» **YOUR GOAL**
Restate, word for word and with no pictures, the stretch of lines in the data below that begins at the line with "Another method, if" and ends at the line with "And there you", inclusive.

Collected data entries
╭──

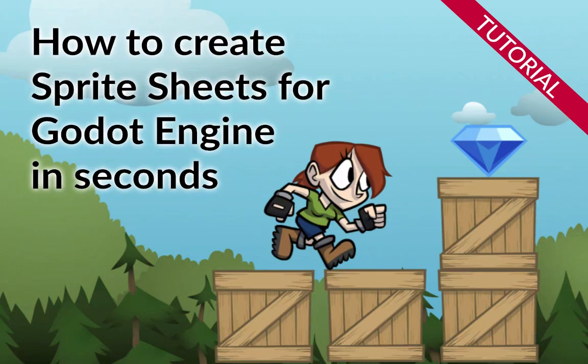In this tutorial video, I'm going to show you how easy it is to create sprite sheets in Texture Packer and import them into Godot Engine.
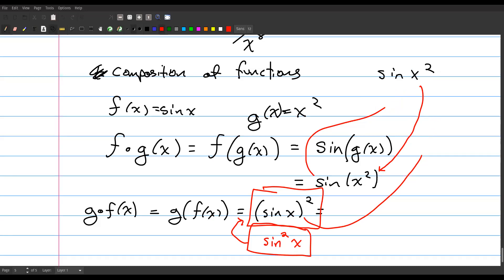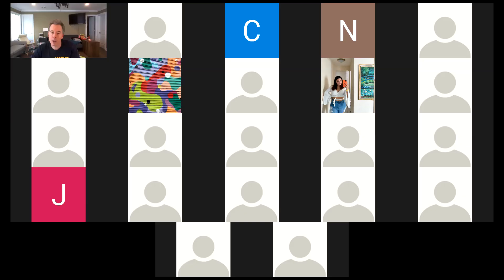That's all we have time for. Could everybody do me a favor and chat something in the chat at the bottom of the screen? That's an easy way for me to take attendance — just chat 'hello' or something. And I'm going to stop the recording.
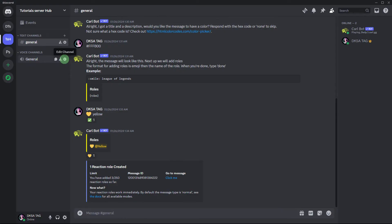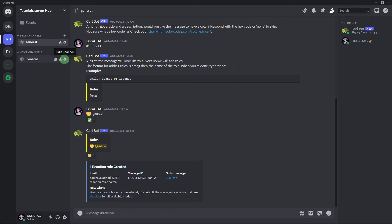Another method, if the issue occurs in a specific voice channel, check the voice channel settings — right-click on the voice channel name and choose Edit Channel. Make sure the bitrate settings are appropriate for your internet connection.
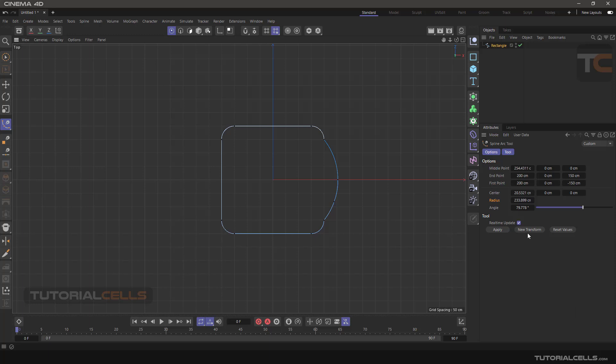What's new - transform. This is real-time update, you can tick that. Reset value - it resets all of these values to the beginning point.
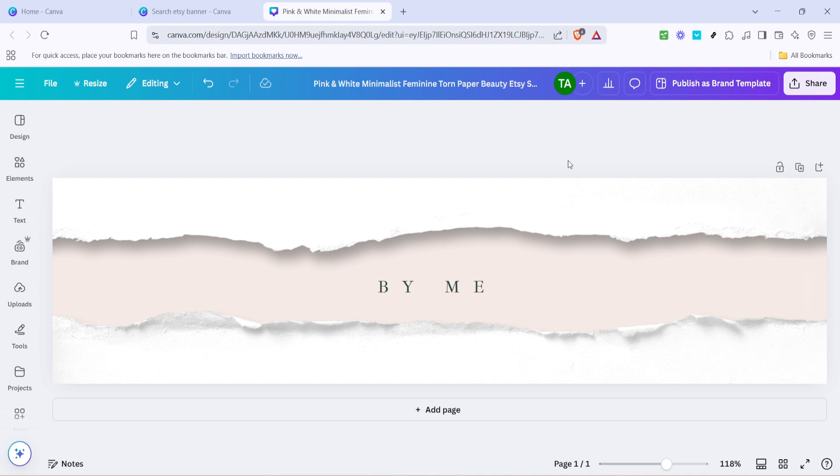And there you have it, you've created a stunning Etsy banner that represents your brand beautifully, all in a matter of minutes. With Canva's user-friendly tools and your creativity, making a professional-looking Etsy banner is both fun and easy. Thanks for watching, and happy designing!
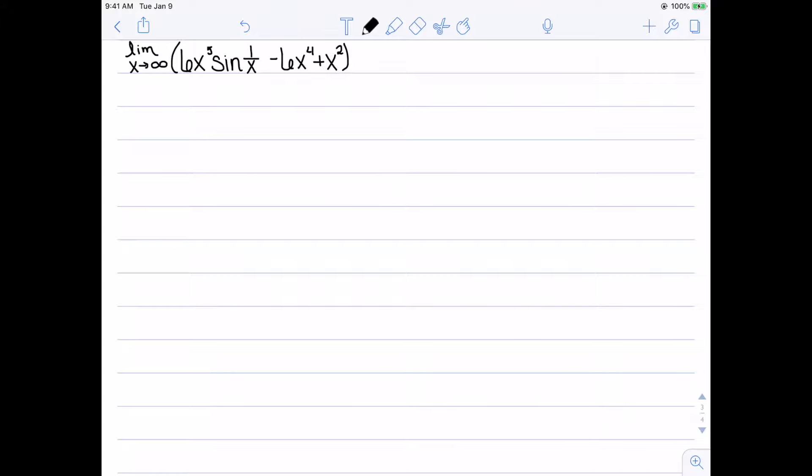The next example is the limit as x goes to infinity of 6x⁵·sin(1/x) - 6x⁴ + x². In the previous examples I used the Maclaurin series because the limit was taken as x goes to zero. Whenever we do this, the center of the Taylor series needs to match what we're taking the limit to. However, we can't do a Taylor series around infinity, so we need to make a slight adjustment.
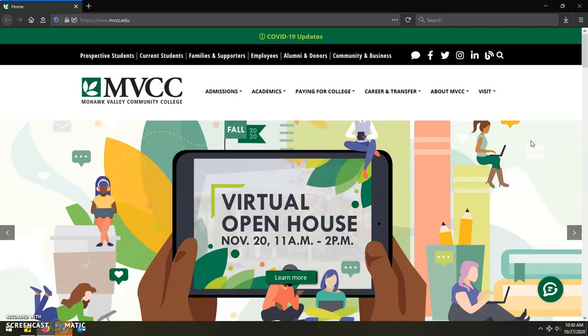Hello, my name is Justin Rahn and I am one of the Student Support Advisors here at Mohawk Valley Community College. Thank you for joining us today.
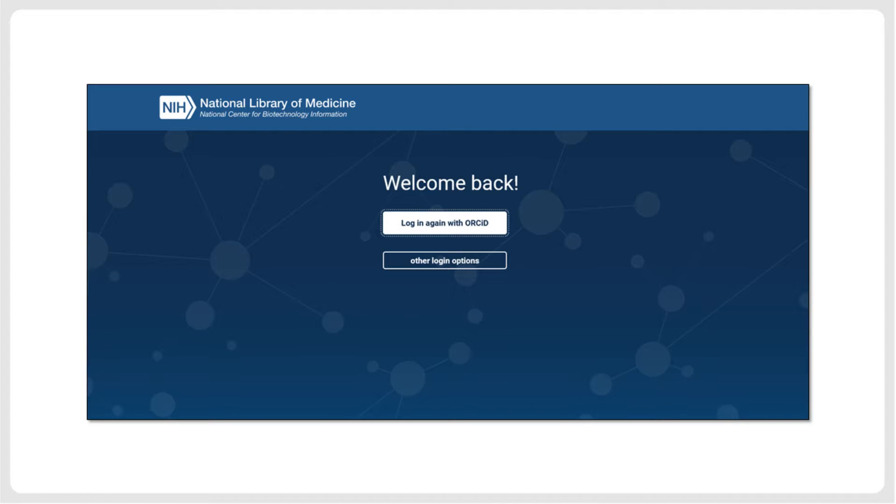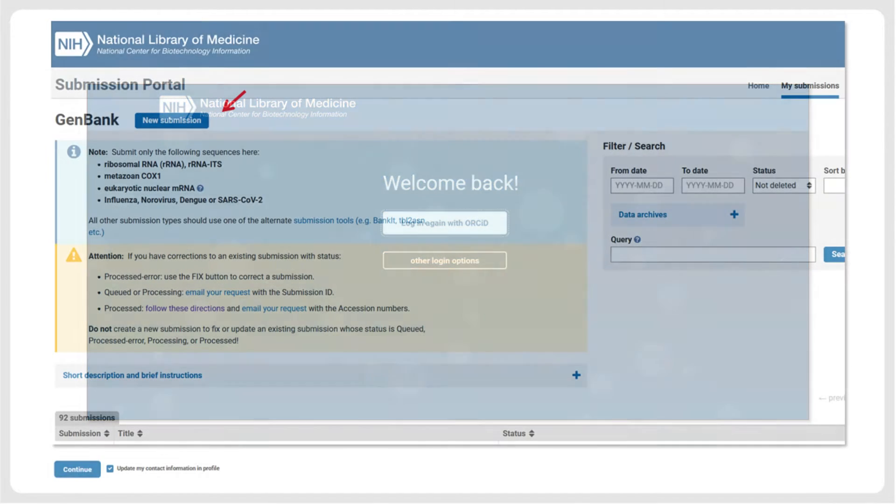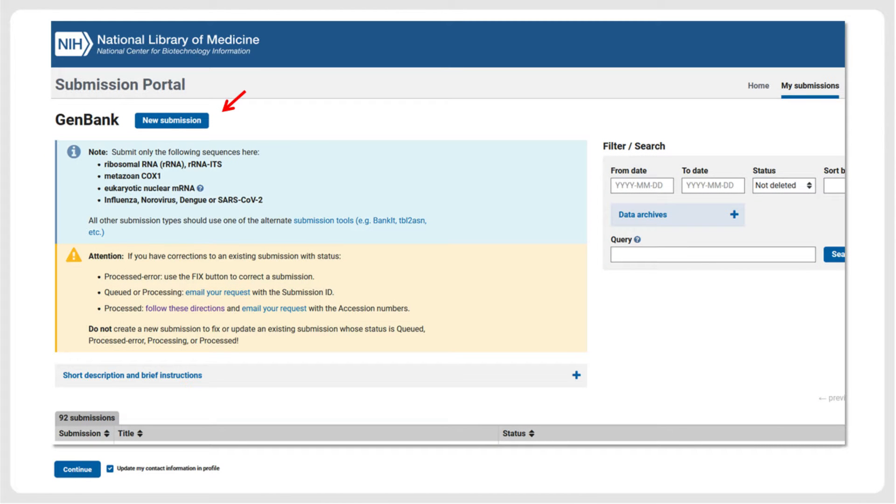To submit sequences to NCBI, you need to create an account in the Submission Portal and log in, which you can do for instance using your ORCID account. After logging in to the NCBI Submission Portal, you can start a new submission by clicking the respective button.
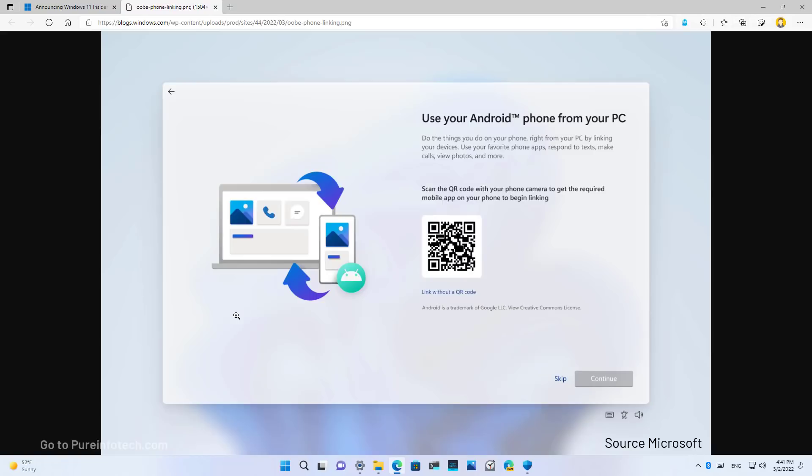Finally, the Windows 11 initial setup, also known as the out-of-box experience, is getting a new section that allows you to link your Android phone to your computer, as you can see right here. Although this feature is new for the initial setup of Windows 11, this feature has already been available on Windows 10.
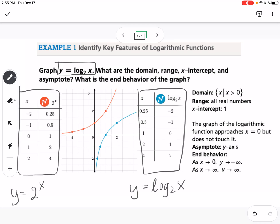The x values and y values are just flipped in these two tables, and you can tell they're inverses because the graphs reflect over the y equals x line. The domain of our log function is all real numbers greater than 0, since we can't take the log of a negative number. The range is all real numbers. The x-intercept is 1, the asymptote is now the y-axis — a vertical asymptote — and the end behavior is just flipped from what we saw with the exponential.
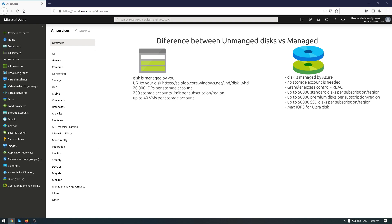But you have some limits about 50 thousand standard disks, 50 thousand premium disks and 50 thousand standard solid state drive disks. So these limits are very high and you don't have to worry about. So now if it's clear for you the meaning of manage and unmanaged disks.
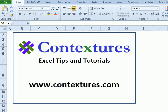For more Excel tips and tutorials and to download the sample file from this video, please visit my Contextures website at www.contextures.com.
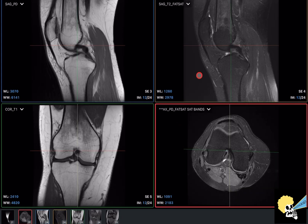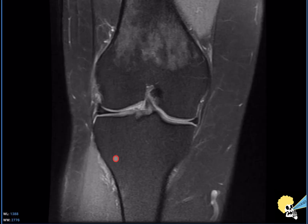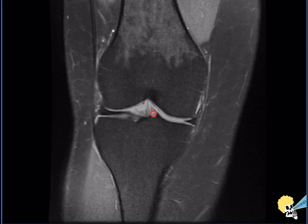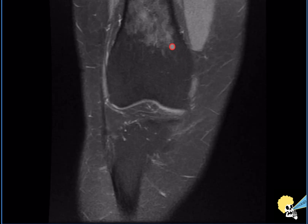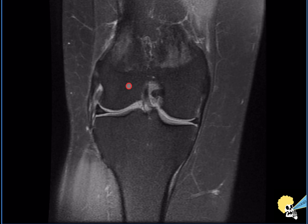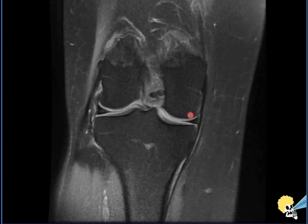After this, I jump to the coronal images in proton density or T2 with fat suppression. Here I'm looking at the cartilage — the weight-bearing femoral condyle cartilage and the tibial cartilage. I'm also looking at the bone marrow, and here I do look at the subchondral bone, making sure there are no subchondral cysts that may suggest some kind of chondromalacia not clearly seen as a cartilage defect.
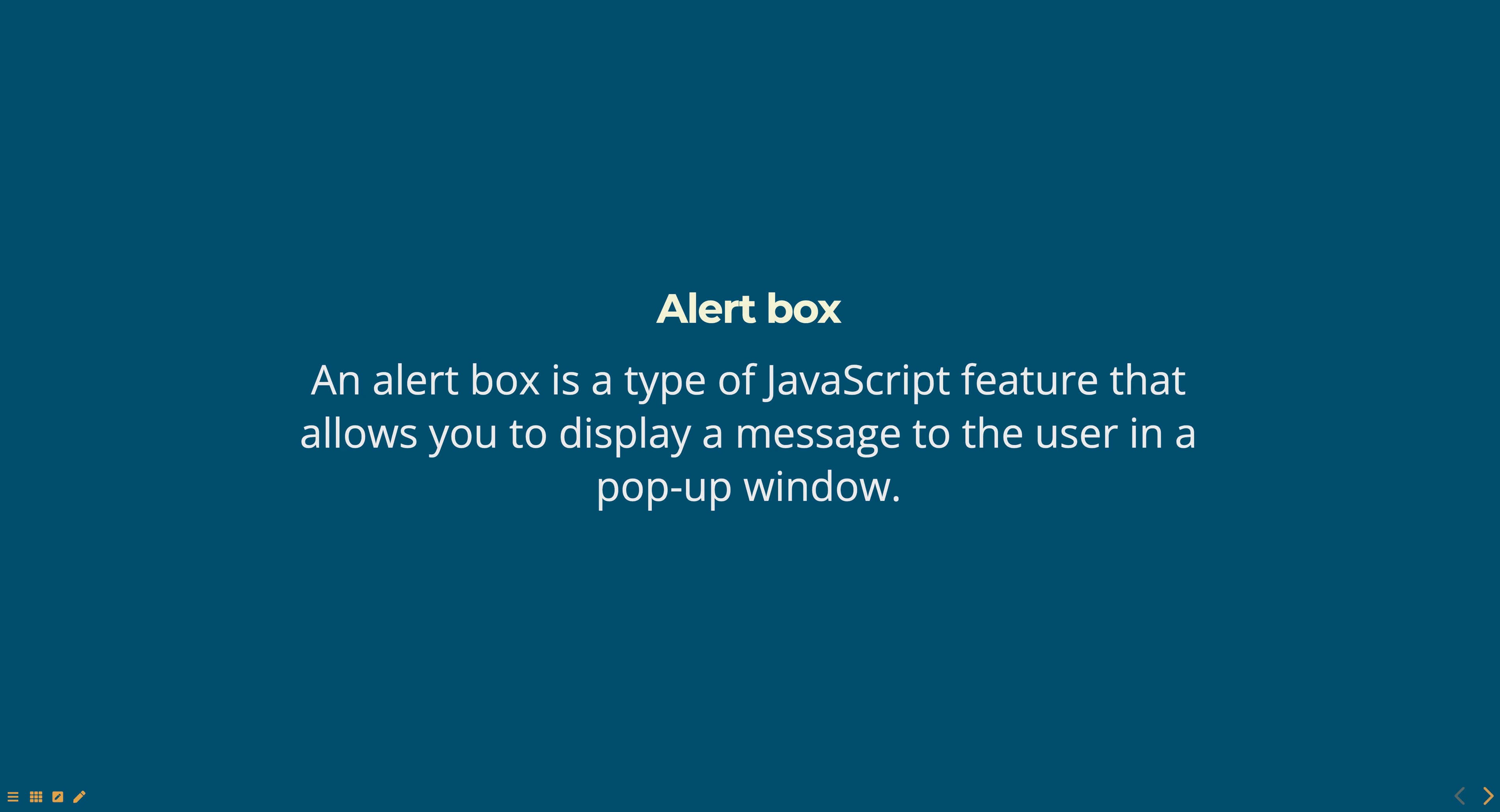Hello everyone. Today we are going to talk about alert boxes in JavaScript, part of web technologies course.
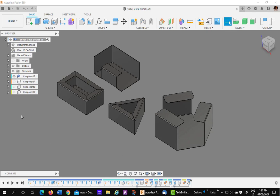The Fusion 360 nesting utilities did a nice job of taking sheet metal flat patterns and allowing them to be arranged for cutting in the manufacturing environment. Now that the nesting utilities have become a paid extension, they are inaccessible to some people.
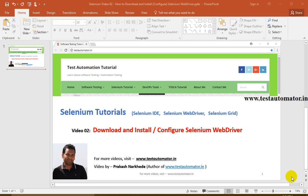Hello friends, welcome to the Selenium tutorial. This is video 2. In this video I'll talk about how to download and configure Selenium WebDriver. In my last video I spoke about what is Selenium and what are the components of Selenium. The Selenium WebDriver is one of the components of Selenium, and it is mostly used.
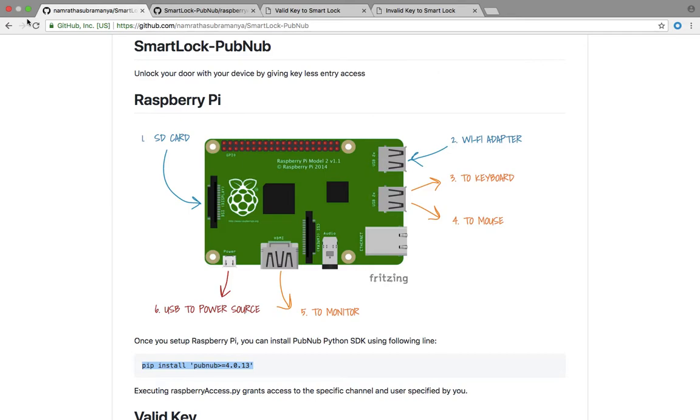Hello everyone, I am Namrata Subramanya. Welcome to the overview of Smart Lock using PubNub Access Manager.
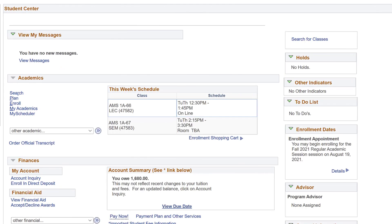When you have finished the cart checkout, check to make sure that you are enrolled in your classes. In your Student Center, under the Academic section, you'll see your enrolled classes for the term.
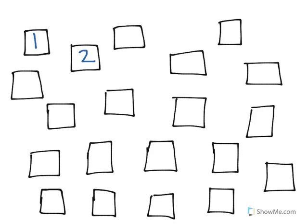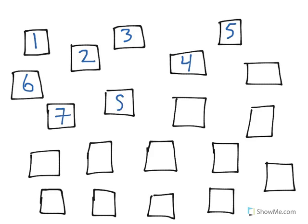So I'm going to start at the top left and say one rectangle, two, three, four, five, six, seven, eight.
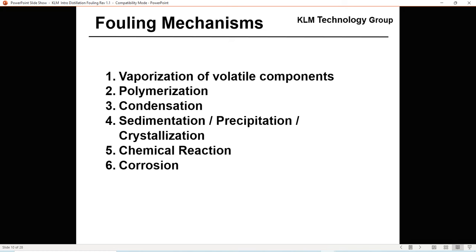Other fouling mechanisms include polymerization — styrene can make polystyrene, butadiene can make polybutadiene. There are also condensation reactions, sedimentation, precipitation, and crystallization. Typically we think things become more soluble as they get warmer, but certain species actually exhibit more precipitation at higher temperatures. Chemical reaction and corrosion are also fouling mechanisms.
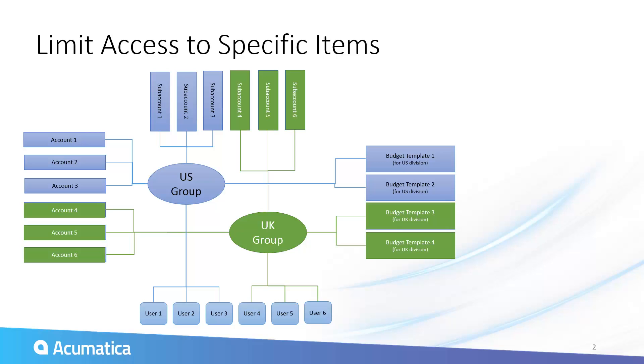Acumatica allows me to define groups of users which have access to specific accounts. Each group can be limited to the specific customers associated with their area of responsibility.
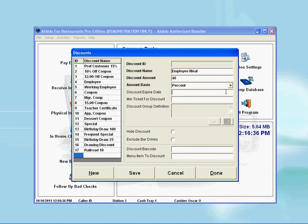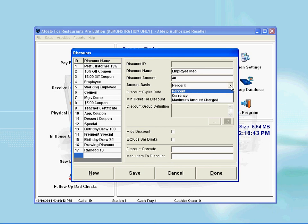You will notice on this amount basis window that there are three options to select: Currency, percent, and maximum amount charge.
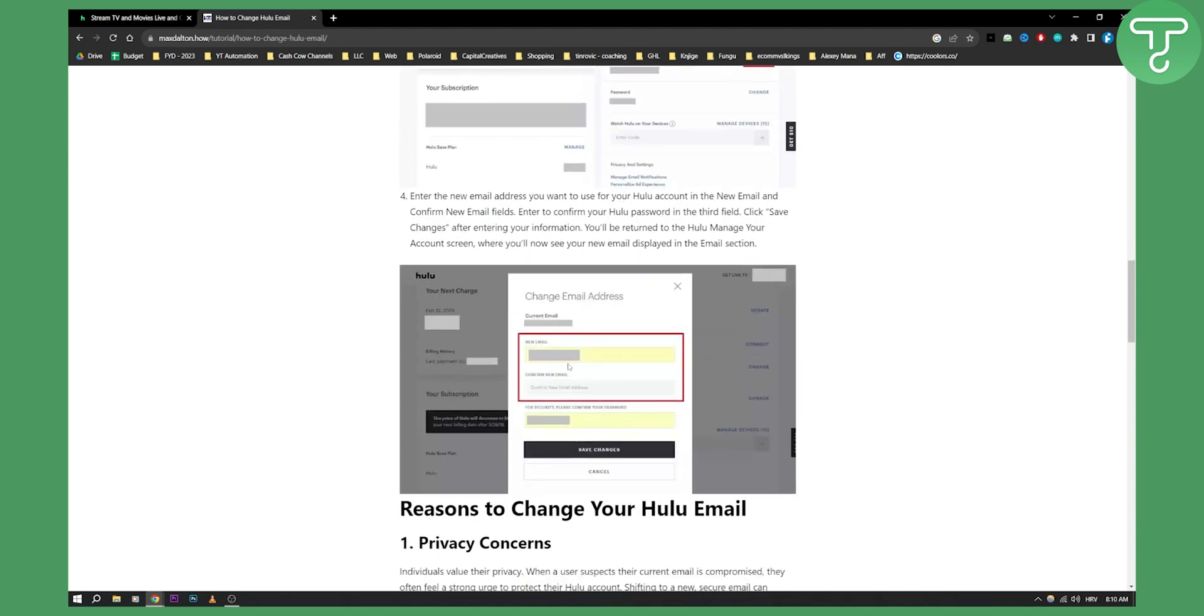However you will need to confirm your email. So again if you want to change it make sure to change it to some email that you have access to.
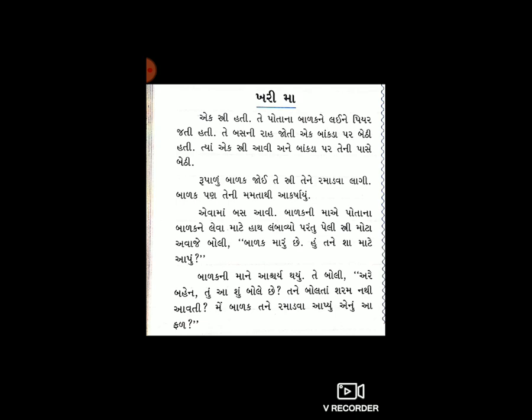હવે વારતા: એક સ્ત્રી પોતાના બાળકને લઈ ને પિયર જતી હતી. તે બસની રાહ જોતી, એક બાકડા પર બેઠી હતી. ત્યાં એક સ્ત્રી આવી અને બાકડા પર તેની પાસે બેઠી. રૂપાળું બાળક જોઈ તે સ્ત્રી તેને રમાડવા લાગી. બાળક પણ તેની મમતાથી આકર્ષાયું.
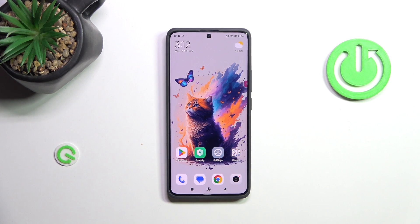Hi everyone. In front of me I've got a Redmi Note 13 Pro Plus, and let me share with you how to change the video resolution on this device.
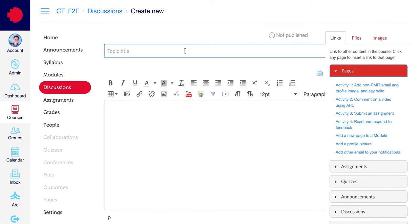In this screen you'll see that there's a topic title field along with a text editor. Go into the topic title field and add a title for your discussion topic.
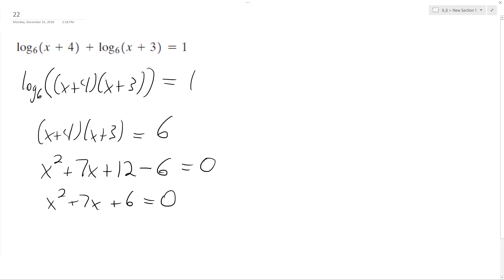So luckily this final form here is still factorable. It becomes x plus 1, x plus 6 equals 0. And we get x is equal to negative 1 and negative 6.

╰──

» **EXERCISE SOLUTION**
Another method, if the issue occurs in a specific voice channel, check the voice channel settings — right-click on the voice channel name and choose Edit Channel. Make sure the bitrate settings are appropriate for your internet connection.
What's new - transform. This is real-time update, you can tick that. Reset value - it resets all of these values to the beginning point.
And there you have it, you've created a stunning Etsy banner that represents your brand beautifully, all in a matter of minutes. With Canva's user-friendly tools and your creativity, making a professional-looking Etsy banner is both fun and easy. Thanks for watching, and happy designing!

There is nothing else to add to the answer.